● ABOUT THIS EXERCISE: Restate each line of the listing exactly, without carrying over any pictures.

● MATERIAL PROVIDED:
==========

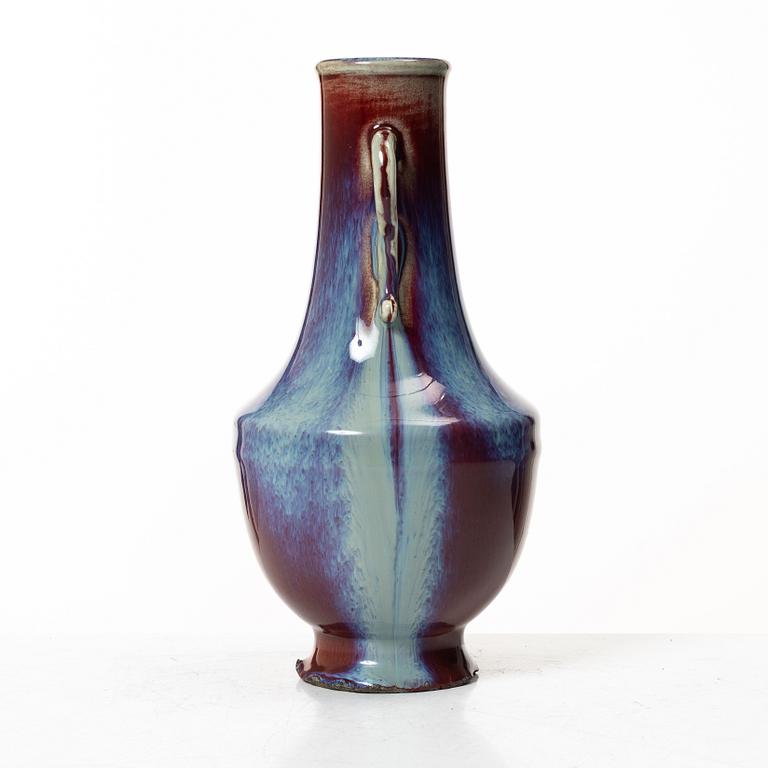 Vas, porslin, Kina, Qianlogsmärke men senare.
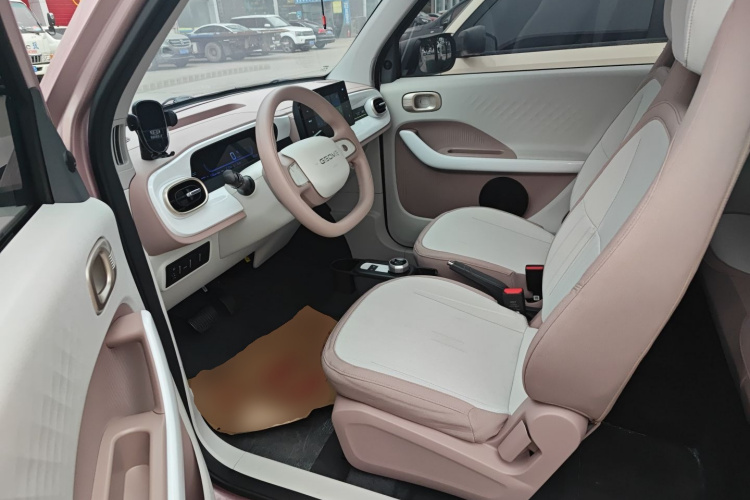 吉利银河 熊猫 2025款 210km 元气熊中控内饰19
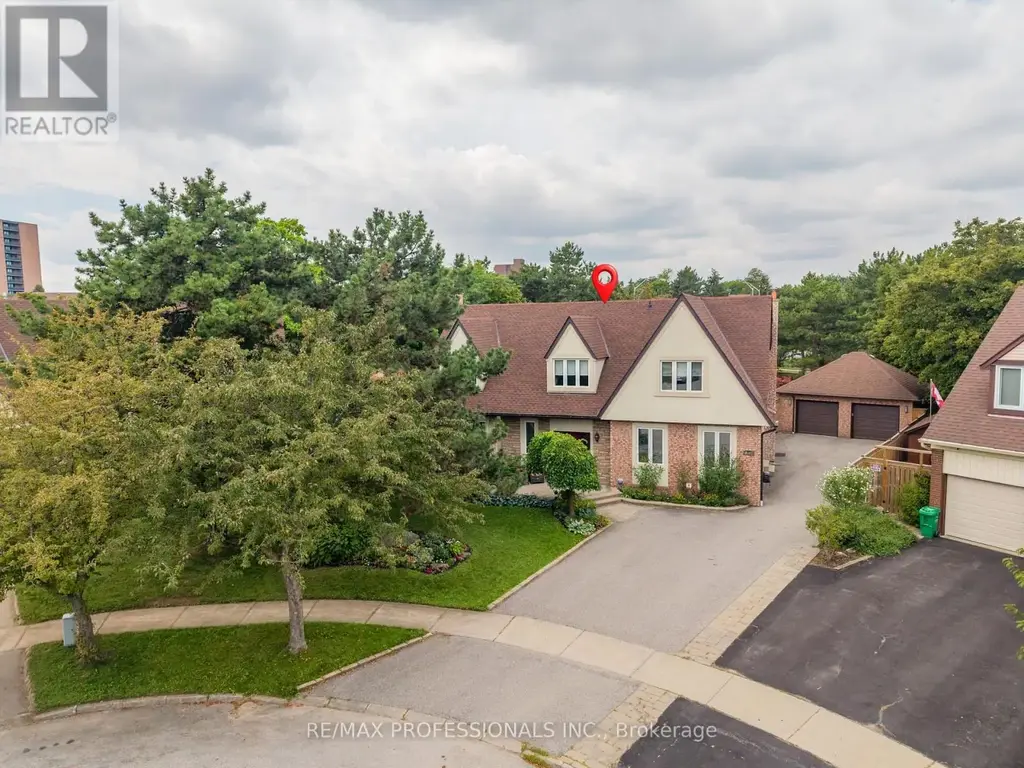 2604 Barrisdale Court, Mississauga (Meadowvale)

==========

● YOUR RESPONSE:
 Vas, porslin, Kina, Qianlogsmärke men senare.
 吉利银河 熊猫 2025款 210km 元气熊中控内饰19
 2604 Barrisdale Court, Mississauga (Meadowvale)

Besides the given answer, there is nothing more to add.